Die höhere Zuweisung von Asylbewerbern durch das Land verschärft die Probleme bei der Unterbringung. Waren zwischen 2006 und 2010 noch um die 30 Flüchtlinge pro Jahr nach Potsdam gekommen, waren es 2011 schon 72, im vergangenen Jahr 78. Bisher konnte Potsdam nur 61 Flüchtlinge aufnehmen. Und das Flüchtlingsheim am Schlaatz und die kleinere Wohngruppe für traumatisierte Frauen in der Hegelallee sind bis auf den letzten Platz belegt. Eigentlich sollten Flüchtlinge nur vorübergehend dort leben. Nach spätestens einem Jahr soll jeder eine eigene Wohnung haben. Das ist auch die Linie des Landes. Doch wegen des angespannten Wohnungsmarktes klappt das nicht. Bis zur Jahresmitte sei 40 Asylbewerbern eine eigene Wohnung vermittelt worden, so Müller-Preinesberger. Zwar hat die Verwaltung ihre Bemühungen verstärkt, doch weitere Flüchtlinge werden kurzfristig kaum unterkommen. „Das schaffen wir nicht mit Wohnungen“, sagte Müller-Preinesberger.

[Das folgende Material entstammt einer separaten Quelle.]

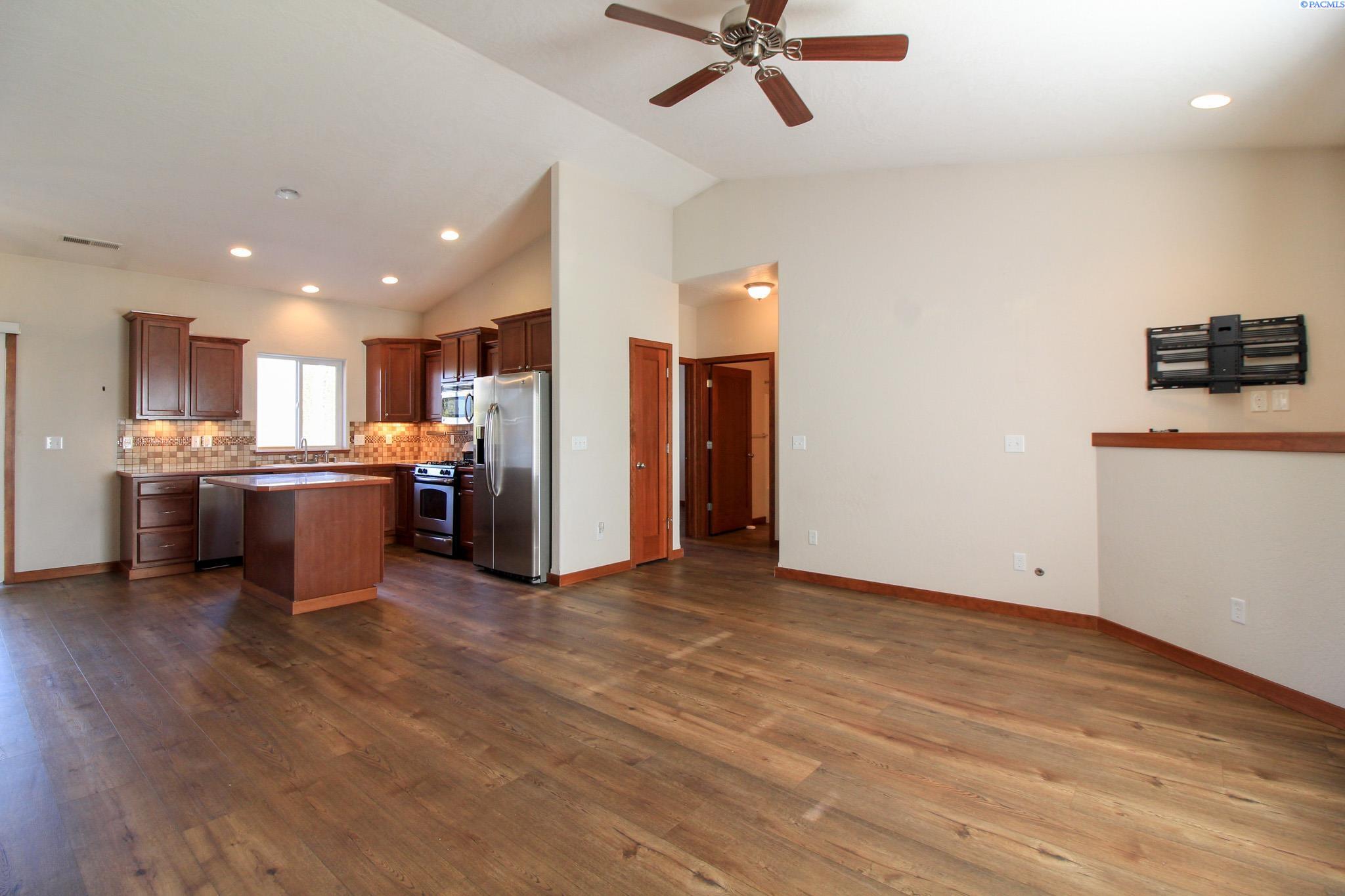 4803 Catalonia Dr, Pasco, WA 99301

Deshalb hält die Verwaltung auch an ihrem Vorhaben fest, ein Heim für Flüchtlinge in der Straße Am Buchhorst im Industriegebiet zu errichten. Nun geht Müller-Preinesberger davon aus, dass das Heim in Leichtbauweise in voller Kapazität für 100 Bewohner errichtet werden muss. Bisher war von 50 bis 100 Plätzen die Rede. Für einen Neubau stünden keine Investitionsmittel zur Verfügung. Container könne man hingegen anmieten. Außerdem drängt die Zeit: Die Unterkunft soll bis Mitte 2014 stehen. Die Kosten liegen bei bis zu 400 000 Euro jährlich. Gegen die Pläne für das Heim hatten Flüchtlingsvertreter im Juni demonstriert. Sie fürchten beengte Wohnverhältnisse in einem Containerdorf und einen Mangel an Integration. Wie im Flüchtlingsheim am Schlaatz sollen auch die Unterkünfte in den Containern wohnungsähnlich sein, hält Müller-Preinesberger dagegen. Für einen oder mehrere alternative Standorte zeigte sie sich am Dienstag jedoch offen. 38 Grundstücke habe man bisher insgesamt geprüft und nur eines sei geeignet gewesen. Oft sind auf den Grundstücken Wohnungen geplant, sie sind zu abgelegen oder Gebäude und Boden sind mit Schadstoffen belastet, wie aus einer Liste der Stadt hervorgeht.

Für Potsdams Beauftragte für Migration und Integration, Magdolna Grasnick, wird die Suche nach einer geeigneten Unterbringung der Flüchtlinge dringlicher. Sollte ein Heim im Industriegebiet entstehen, sei dies nur eine Zwischenlösung. „Besser wären kleinere Einrichtungen wie in der Hegelallee“, so Grasnick. Das Grundproblem sei der Wohnungsmangel. „Es wären mehr Sozialwohnungen nötig. Davon würden auch Flüchtlinge profitieren“, sagte sie. Ohne Wohnungsbauförderung vom Land sei dies schwierig. Die Verantwortung liege aber zunächst bei Potsdam selbst: „Eine Stadt mit 160 000 Einwohnern sollte es innerhalb eines Jahres schaffen, weniger als 200 Flüchtlinge unterzubringen“, so Grasnick.

Die größte Gruppe unter den neuen Asylbewerbern kommt bundesweit derzeit aus der Russischen Föderation – oft handelt es sich um Flüchtlinge aus dem Krisengebiet in Tschetschenien. In Potsdam leben Asylbewerber aus 25 Ländern – der überwiegende Teil kommt aus Afghanistan, dem Irak, der Russischen Föderation, Kenia und dem Libanon.